What you are asked to do: Set down, word for word, the line with "Joey Johnson - I.G.Y. / Right Here Waiting" and the lines after it through the final line of the data below, without pictures.
*** Record excerpts Section Begins ***
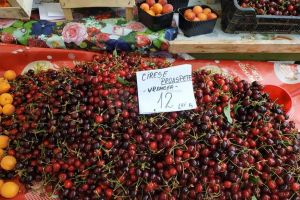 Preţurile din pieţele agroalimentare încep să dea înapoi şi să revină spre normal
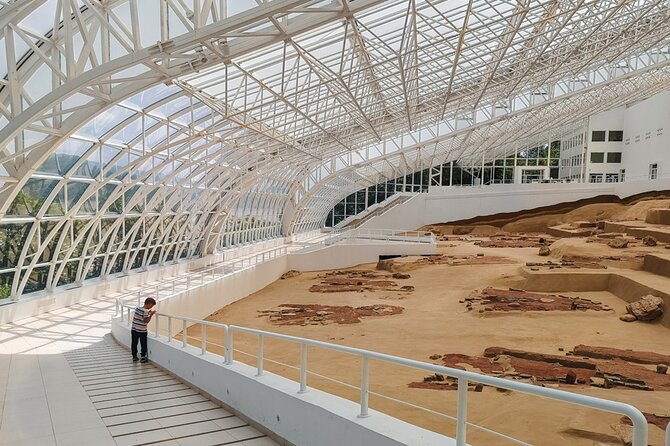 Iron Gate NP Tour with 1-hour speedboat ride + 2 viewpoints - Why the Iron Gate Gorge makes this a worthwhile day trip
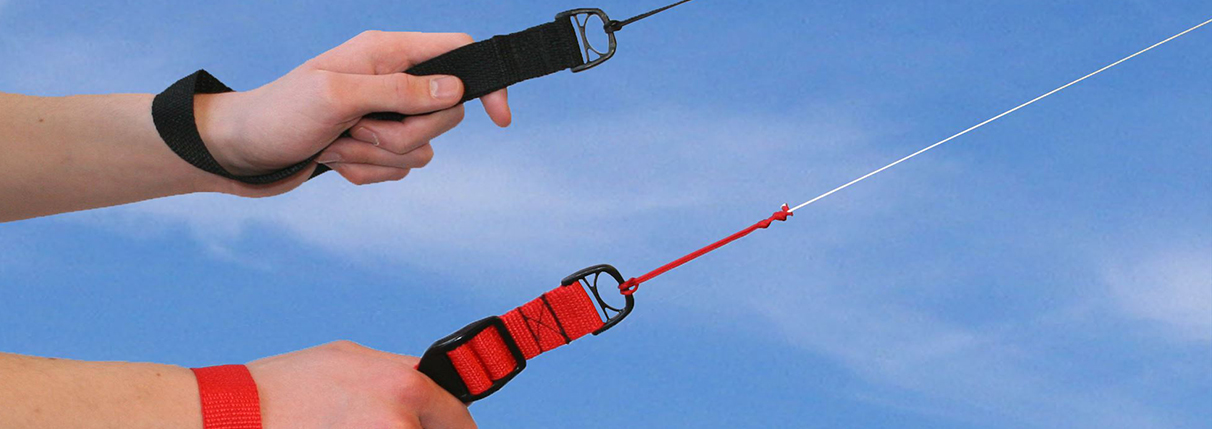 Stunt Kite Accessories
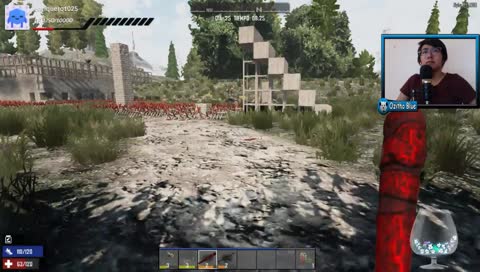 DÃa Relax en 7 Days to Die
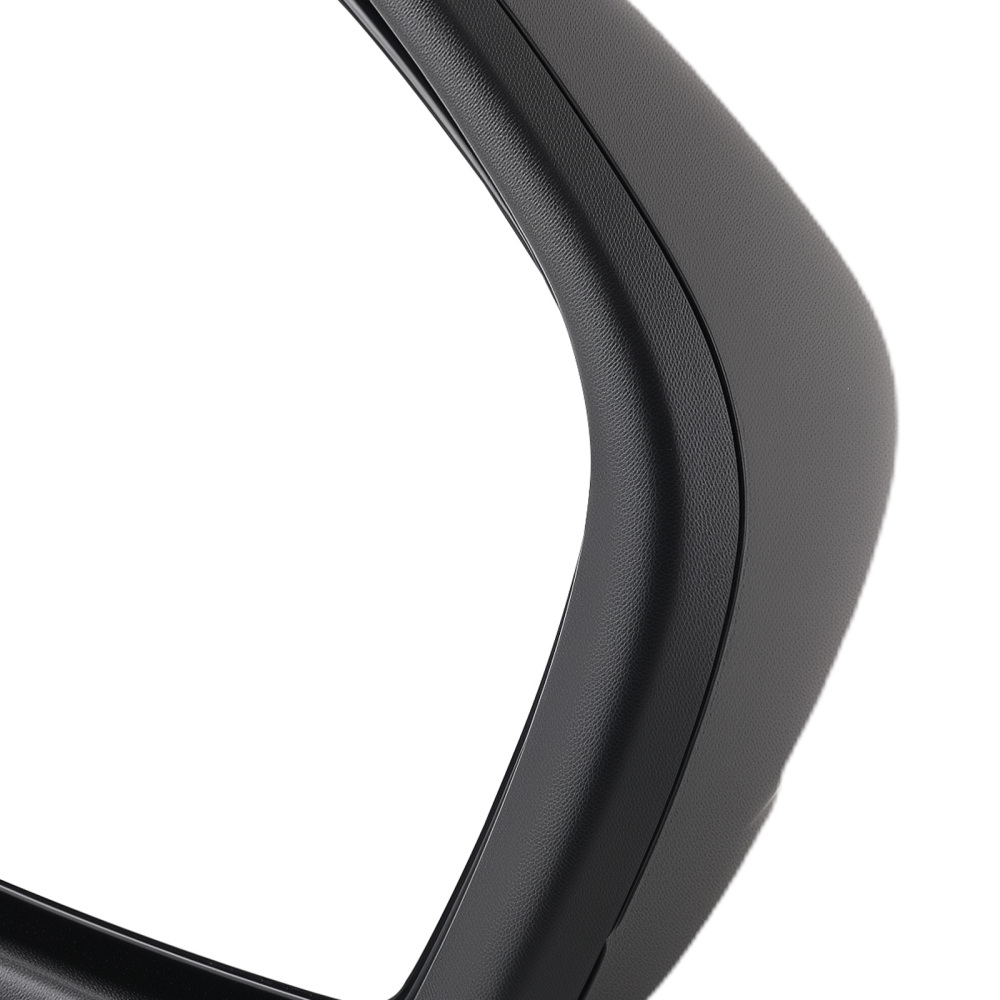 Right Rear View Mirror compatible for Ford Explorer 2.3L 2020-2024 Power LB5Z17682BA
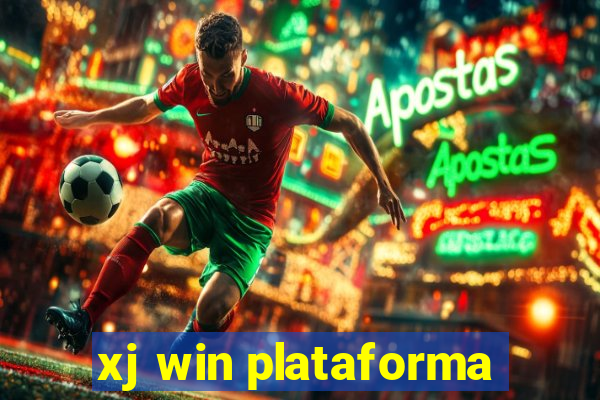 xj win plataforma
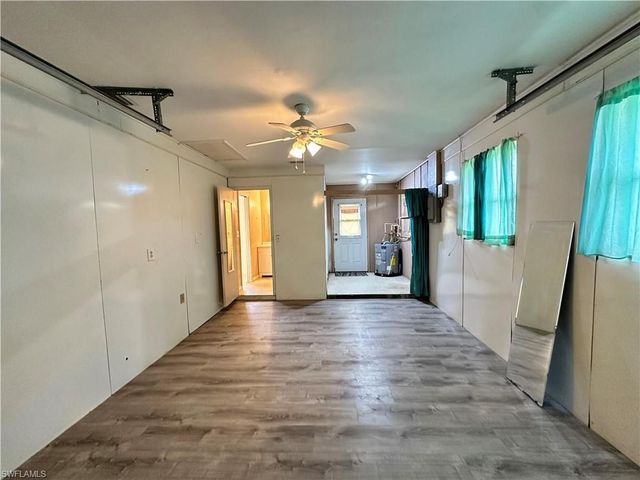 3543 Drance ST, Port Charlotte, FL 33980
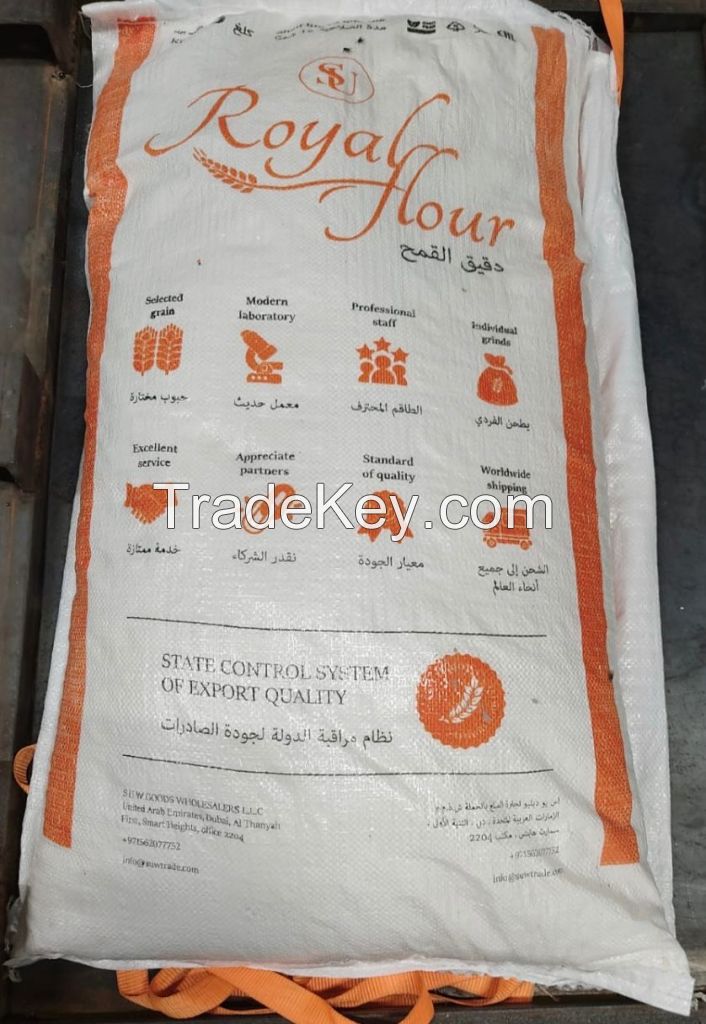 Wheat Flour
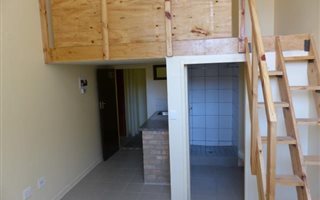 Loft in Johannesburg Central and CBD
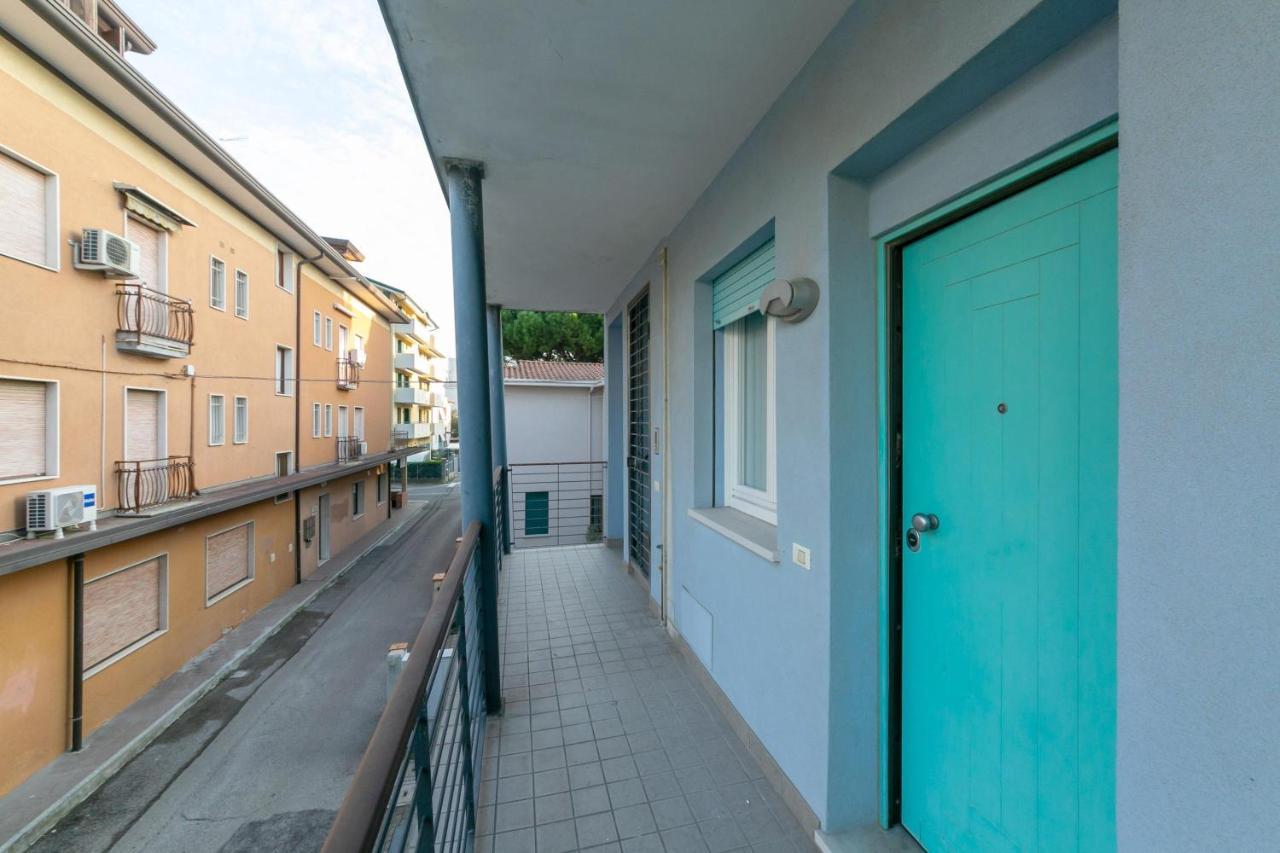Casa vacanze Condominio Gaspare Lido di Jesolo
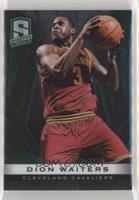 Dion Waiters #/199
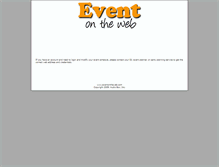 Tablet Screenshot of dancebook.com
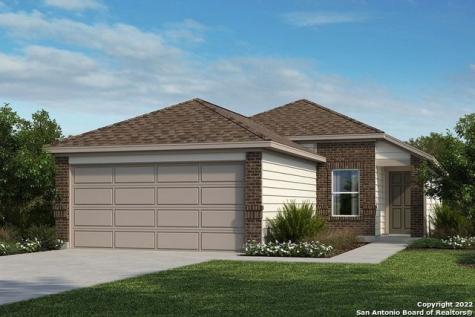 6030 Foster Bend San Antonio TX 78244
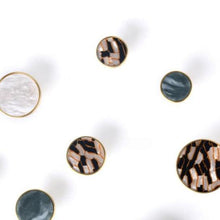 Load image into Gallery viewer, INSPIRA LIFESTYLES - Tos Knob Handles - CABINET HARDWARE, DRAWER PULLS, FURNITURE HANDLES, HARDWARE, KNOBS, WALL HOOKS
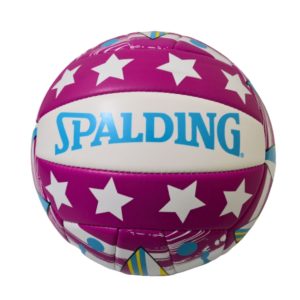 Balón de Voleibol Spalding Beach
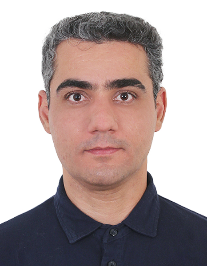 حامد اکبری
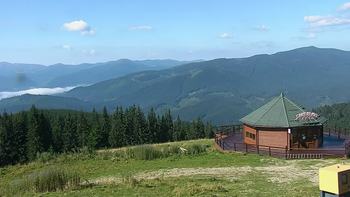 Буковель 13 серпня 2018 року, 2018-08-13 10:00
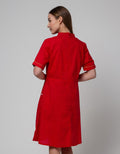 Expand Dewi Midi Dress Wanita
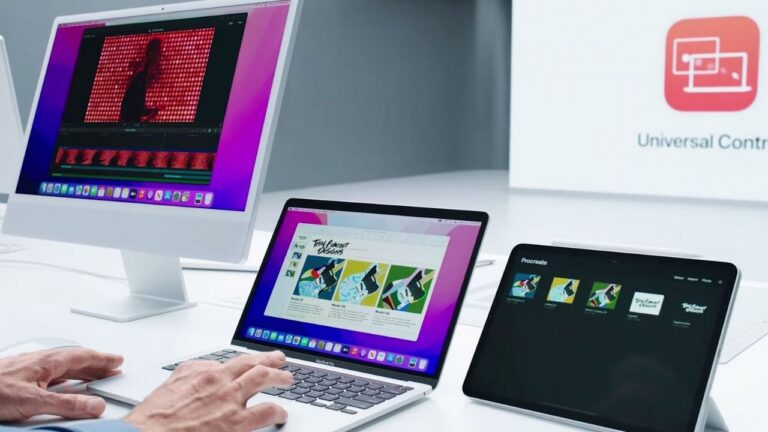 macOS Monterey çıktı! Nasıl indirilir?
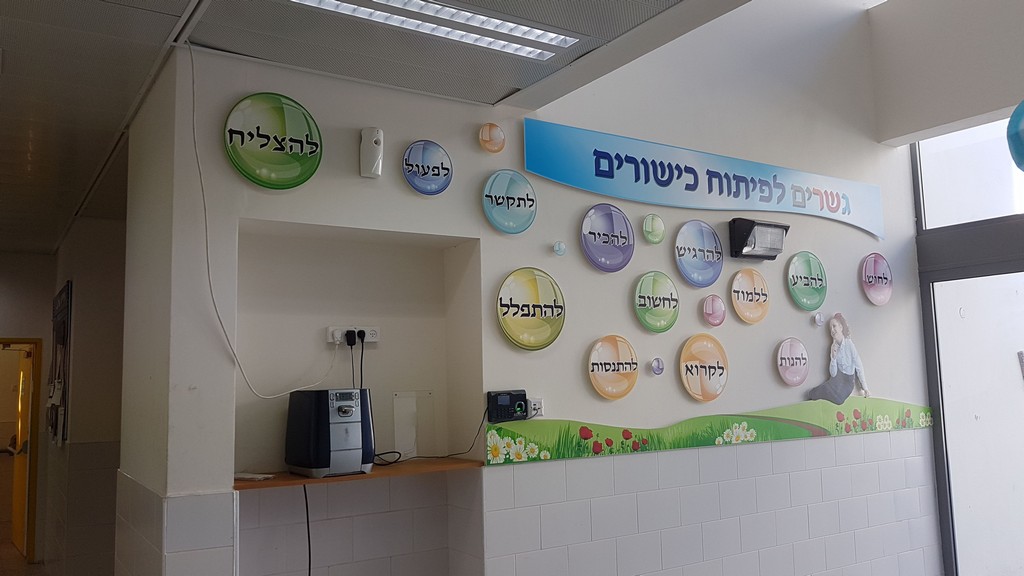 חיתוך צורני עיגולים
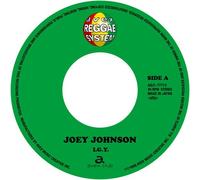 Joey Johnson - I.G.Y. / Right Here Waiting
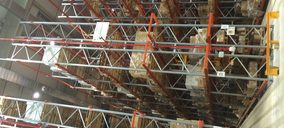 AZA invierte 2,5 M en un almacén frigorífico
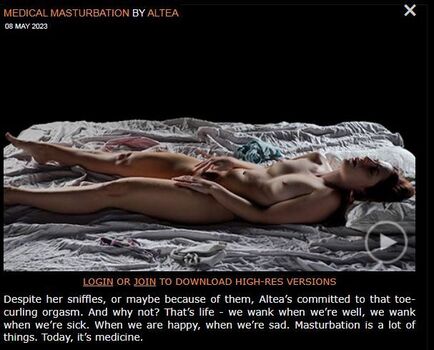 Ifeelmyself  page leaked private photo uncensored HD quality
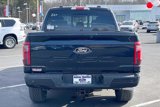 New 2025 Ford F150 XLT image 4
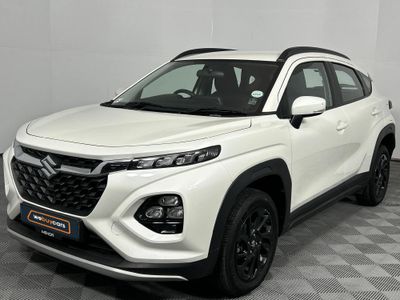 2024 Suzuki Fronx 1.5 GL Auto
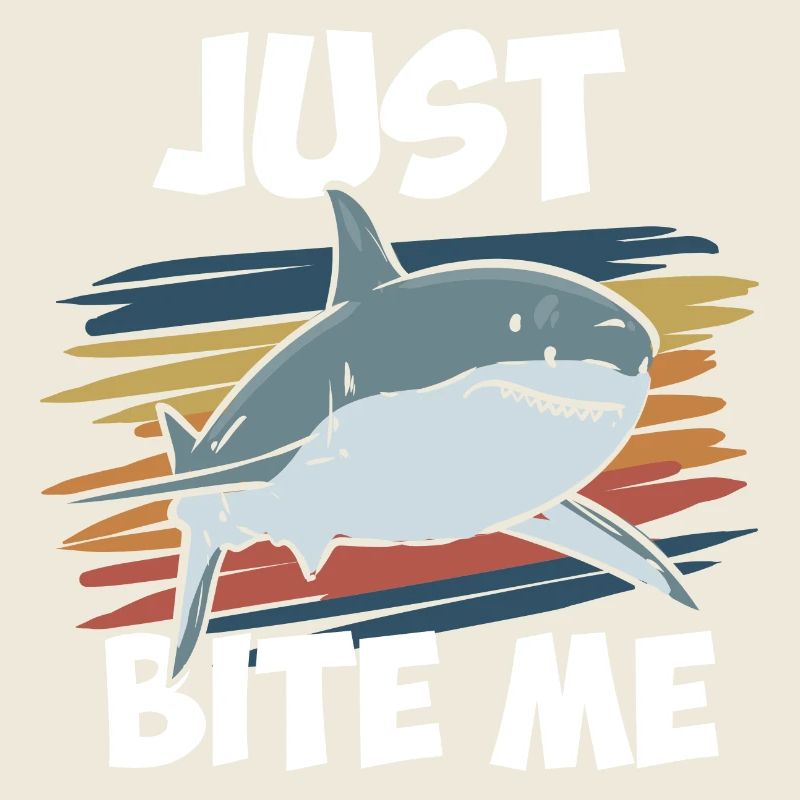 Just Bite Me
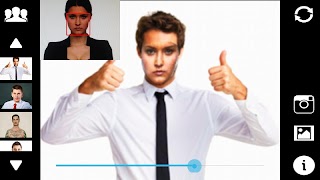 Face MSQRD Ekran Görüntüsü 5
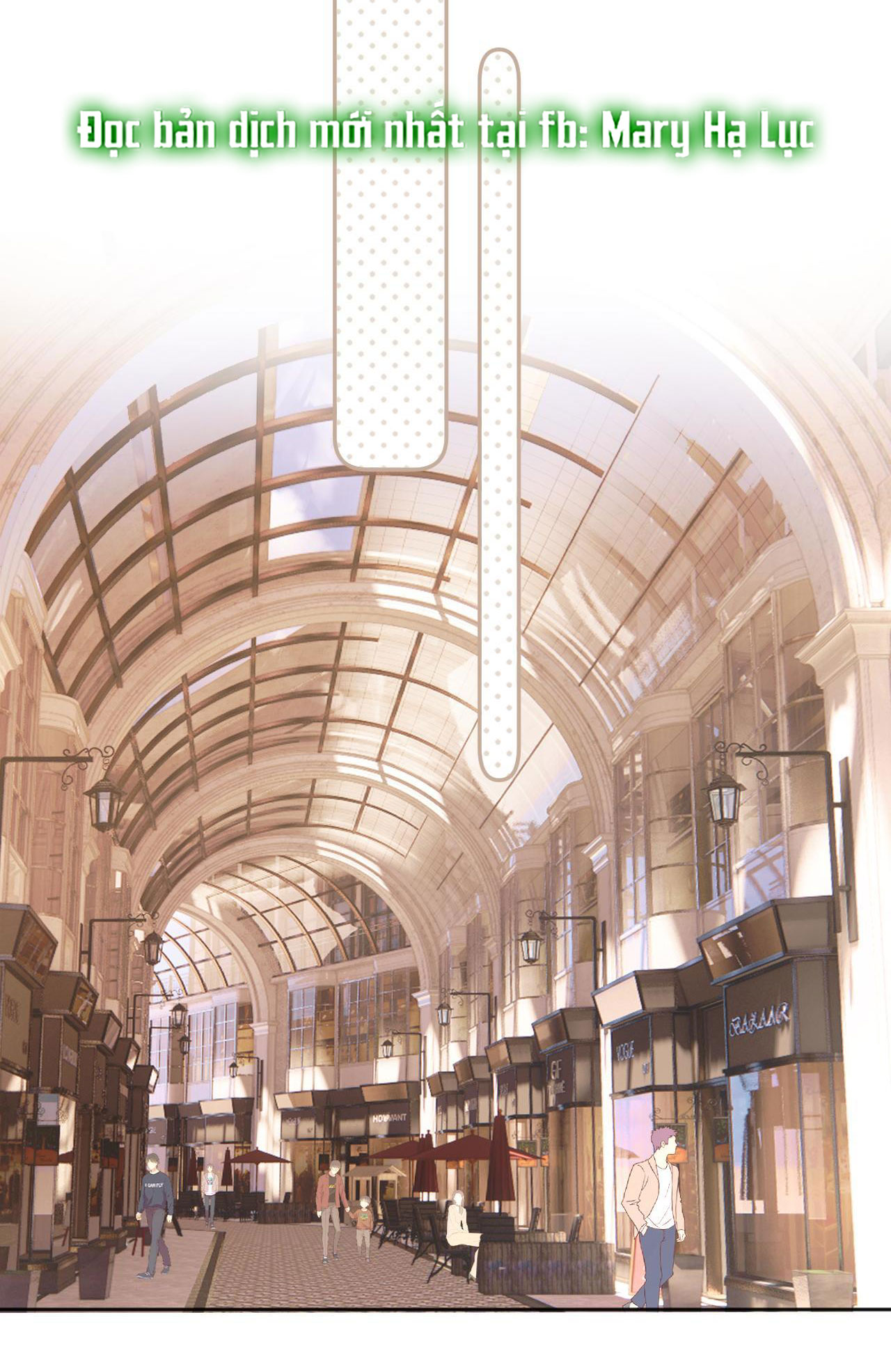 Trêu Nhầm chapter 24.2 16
*** Record excerpts Section Ends ***
Answer below:
 Joey Johnson - I.G.Y. / Right Here Waiting
 AZA invierte 2,5 M en un almacén frigorífico
 Ifeelmyself  page leaked private photo uncensored HD quality
 New 2025 Ford F150 XLT image 4
 2024 Suzuki Fronx 1.5 GL Auto
 Just Bite Me
 Face MSQRD Ekran Görüntüsü 5
 Trêu Nhầm chapter 24.2 16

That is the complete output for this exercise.